SUMMARY OF THE INVErfTIQN
Despite the teaching above, the applicant now has performed initial studies in an electrolysis cell applying anodes with very thin slots, which has proven to give sufficient gas drainage.
The anodes involved in the studies were calcinated and processed by implementing a processing technique known from processing/cutting other types of materials.
By making the slots in the calcinated anode thinner than that of the prior art, the above mentioned disadvantages will be less.
Since the thin slots take away only a small fraction of the anode mass, potentially a high number of slots can be used.
The drop in bath voltage when using slots allows amperage increase in the alumina reduction cell, increasing the production of aluminium and decreasing the specific energy consumption.

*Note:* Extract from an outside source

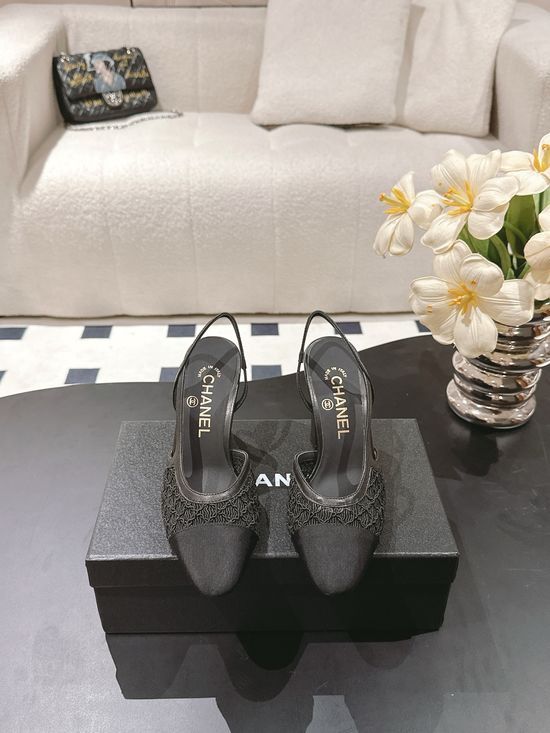 Chanel Classic Colorblock Slingback Sandals With Chunky Heel
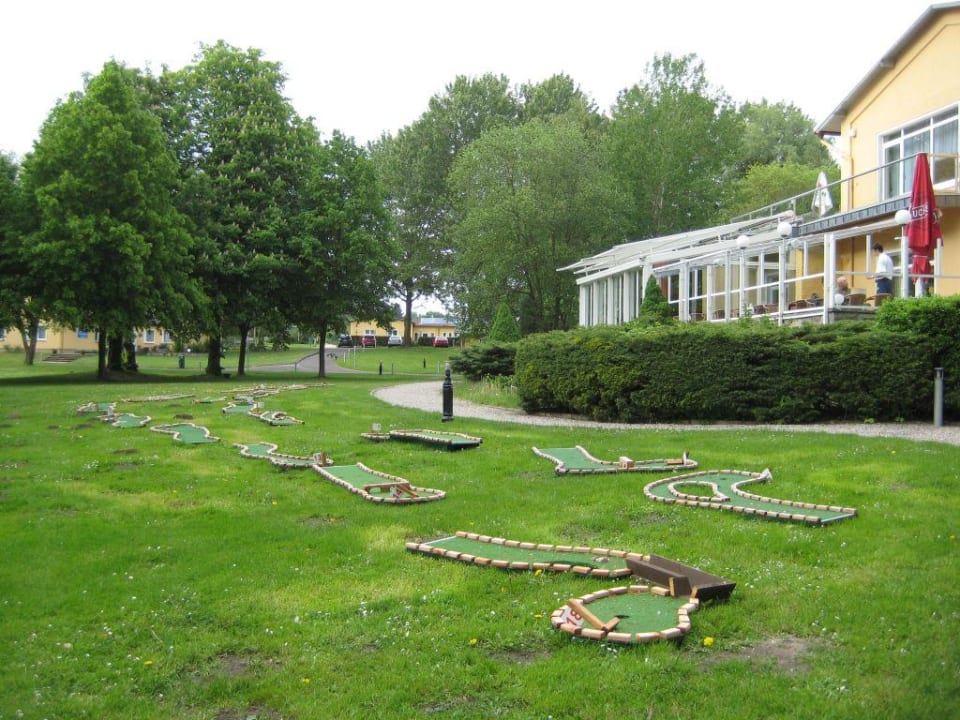 Kleine Minigolfanlage Seehotel Frankenhorst - BW Signature Collection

This advantage is improved when using narrow slots, because of the earlier mentioned fact that only a small fraction of the anode mass is removed even when using several narrow slots.
These and further advantages can be achieved with the invention as defined in the accompanying set of claims.
BRIEF DESCRIPTION OF THE DRAWINGS
In the following, the invention shall be described further with reference to examples and figures where:
FIG. 1 is a perspective view of one anode in accordance with the present invention;
FIG. 2 is a graph showing bath voltage drop in alumina reduction cell versus number of slots;
FIG. 3 is a photo of one anode in accordance with the invention; and
FIG. 4 is a graph showing process data extracted from one full-scale study, applying anodes in accordance with the present invention
DETAILED DESCRIPTION OF THE INVENTION
As disclosed in FIG. 1, there is shown an anode having slots processed into it and where the width of the slots are between 3-8 millimeters. Further, there are indicated two slots having a cantilevered bottom, where its depth at one end of the anode h2 is 320 millimeters and the depth at the other end h1 is 350 millimeters. The overall dimensions of the anode in this example is length, l=1510 millimeters, height h3=600 millimeters and width b=700 millimeters. Thus, the slots in this embodiment extend through more than 50% of the height of the anode. The cantilevered bottom can be sloped corresponding to >0° and <10°.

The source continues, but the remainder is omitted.